Samples with high contamination from chloroplast DNA in 16S analysis

Sparkle · October 21, 2019, 2:03pm

Hello! This is a conceptual question, but I'd like to hear your opinons here.
I'm running a 16S analysis on some old plant samples, performed through Roche454 pyrosequencing 5 years ago.
I used the latest version (gg_13_8) of the Greengenes database to build my taxonomy reference file and then performed the taxonomic analysis, resulting in the following barplot:

The dark blue part of the bars is labelled as 'k__Bacteria;p__Cyanobacteria;c__Chloroplast;o__Streptophyta;f__;g__;s__'

Chloroplast

Sadly, I think the problem is due to a bad primer choice (27 and 533).

I don't think there is any way to obtain something useful from these results, because the contamination affects more than half of the samples making comparisons impossible, but I'm asking just out of curiosity.

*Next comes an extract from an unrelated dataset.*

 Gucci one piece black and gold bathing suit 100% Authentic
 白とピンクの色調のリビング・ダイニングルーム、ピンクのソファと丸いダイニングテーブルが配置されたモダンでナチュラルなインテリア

By reading the QIIME2 tutorial, I noticed the feature-classifier extract-reads method makes it possible to perform a training on the basis of the primers sequences, and it has been proven to improve results. I doubt that, but do you think this would make the results even slightly better?

Any other suggestions?
Thanks in advance.

Nicholas_Bokulich · October 21, 2019, 2:12pm

Hi @Sparkle

No, since your issue is chloroplast amplification extract-reads will not help — your reads are chloroplast any way you cut it

The only advice I can give is to use qiime taxa filter-table to drop all chloroplast reads and hope you have enough reads and samples left over to make a meaningful analysis.

Sparkle · October 21, 2019, 2:24pm

Thanks for your answer!

I had already tried that.

qiime taxa filter-table --i-table uchime-dn-out_cr_new/table-nonchimeric-wo-borderline.qza --i-taxonomy gg_13_8/gg_13_8_otus/taxonomy.qza --p-exclude mitochondria,chloroplast --o-filtered-table table-no-mitochondria-no-chloroplast_cr.qza

As I said, in the plot chloroplast DNA is represented by the dark blue part of the bars. Sadly, too many samples, 6 out of 12, are only constituted of this type of DNA.

I think the experiment has to be repeated, with a more specific primer choice and maybe with Illumina reads this time.